I am winding down. In the previous year’s practice of A Year to Live, I co-ordinated my practice with Joyce’s Year to Live group, which finished in February 2015. I began my next year’s practice just a little after that date, at the end of February. However her group then decided to have a little break, and begin again in April.
So, I’ll be ‘dying’ in ten days time – the evening of 28 February – whereas, they will outlive me. What does that mean? I”ll go to sleep on the night of the 28th, doing a particular meditation practice, and treating my entry into sleep as though it were my last moment of waking consciousness on this planet. (Later today, I”ll start working on a translation of the practice, which is from the Nikāyas.)
I started this ‘dying’ year blog thinking that I would probably wouldn’t exactly follow Stephen’s book, because it’s all there in the book, and Joyce would cover that in her group. (May the Stephen elements in the universe be at rest.) I thought that, instead, I would probably write about the kinds of conventional ‘death and dying’ practices that I had practiced for most years of (approximately) the last twenty. These kind of (Tibetan) practices have as their focus the task of ensuring that one is “ready,” as it is often said, ready to “exit this life – “to get our lives in order” psychically and materially. Because death can arrive at any time, that’s an important thing, obviously. Someone who has done that well lives vibrantly, unencumbered.

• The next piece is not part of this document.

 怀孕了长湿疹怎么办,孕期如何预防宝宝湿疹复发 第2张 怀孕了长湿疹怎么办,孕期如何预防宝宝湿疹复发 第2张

However, very quickly, it seemed to me, that if this were indeed my last year, I’d want to look more deeply into the matter of death itself – in life, and at the ‘last.’ I’d like to be acquainted with death, not because I’m going to exit at some later time, but because I want to know what death is, in this ‘now.’ Maybe we don’t understand what the word ‘death’ refers to, and all our ‘preparations’ might be unnecessary social constructions? It occurred to me, as I got into the practice, this time last year, that I hadn’t ever – in all these years of death and dying practice – I hadn’t practiced A Year to Live with only the historical Buddha’s approach. What was it? And, so it was that this year of looking at ‘what is death’ from the Nikayas point of view came about. I’m so glad that I took this route. And, now I have ten days to complete the task (presuming that I do actually live that long.)
I’m going to open up a forum, so that if anyone would like to comment, question, or engage in dialogue for the next ten days, you are welcome. I’ll send instructions in the next day or so. (After I figure out how to work it.) Maybe these posts have made you think about how ‘death’ is in your living? Maybe it has made you touch the losses that are inevitable in life. Maybe it has helped you live more vibrantly by cherishing your daily evanescent and precious moments. Maybe you’re more realistic or more frightened? Maybe you’d like to share that with others. You’re welcome.